__TASK ITEM__
Type out the listing below exactly. Pictures stay out of it.

__GIVEN DATA__
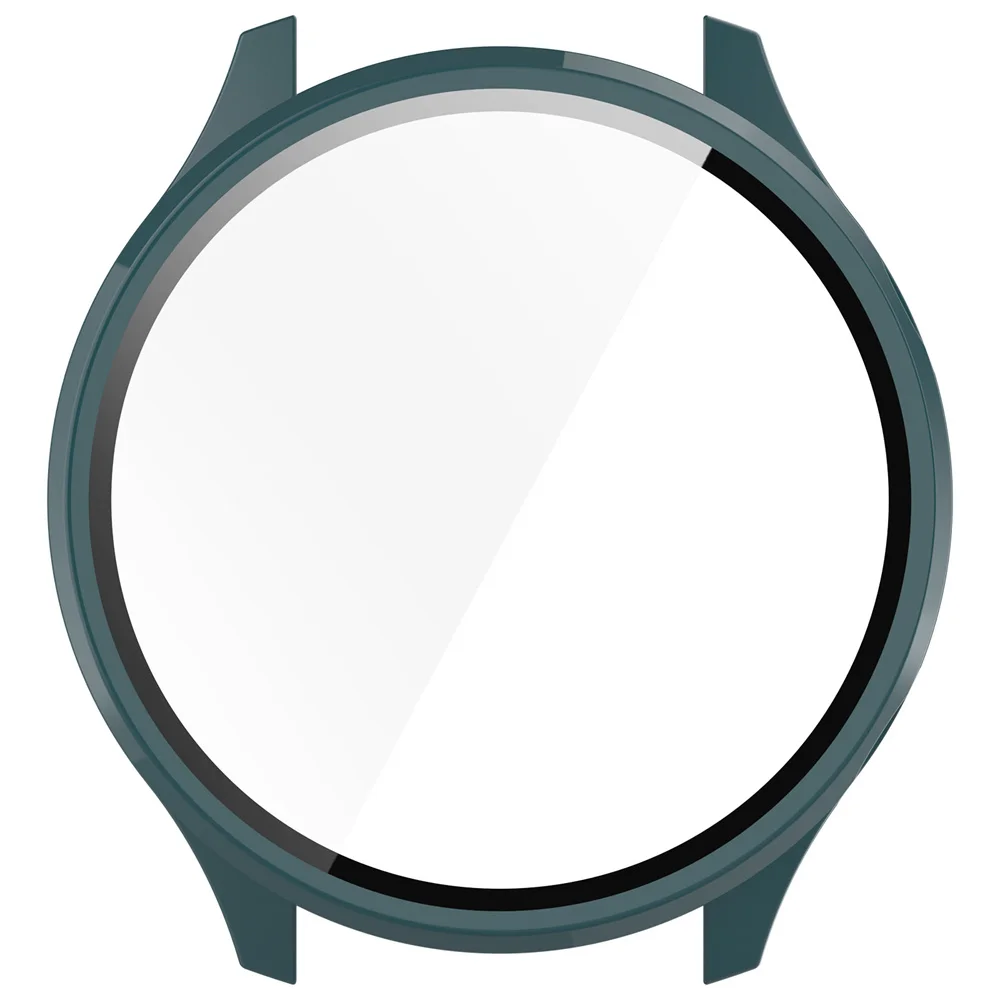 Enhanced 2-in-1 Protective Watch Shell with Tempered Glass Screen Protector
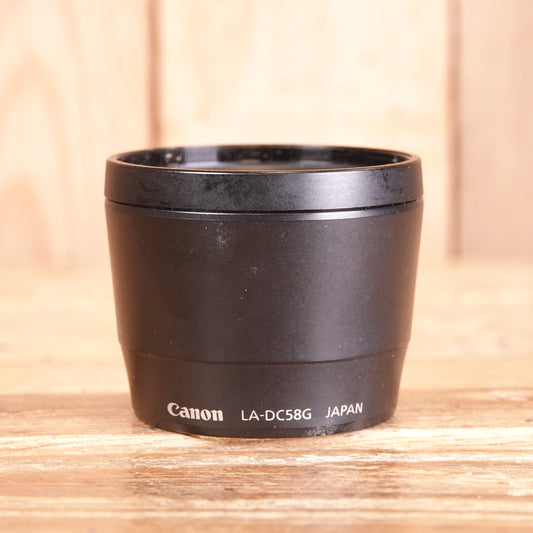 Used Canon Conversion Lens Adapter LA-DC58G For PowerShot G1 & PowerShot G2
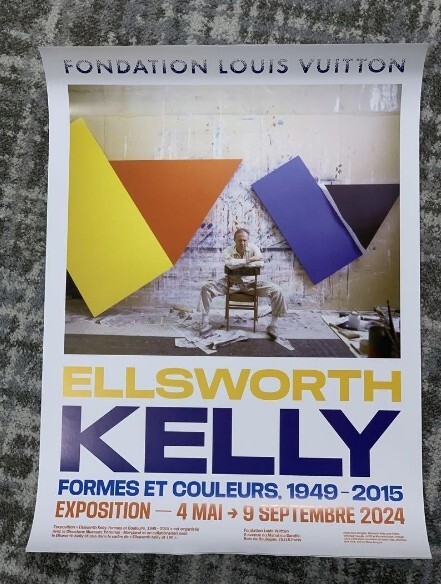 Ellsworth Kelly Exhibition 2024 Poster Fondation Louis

__YOUR RESPONSE__
 Enhanced 2-in-1 Protective Watch Shell with Tempered Glass Screen Protector
 Used Canon Conversion Lens Adapter LA-DC58G For PowerShot G1 & PowerShot G2
 Ellsworth Kelly Exhibition 2024 Poster Fondation Louis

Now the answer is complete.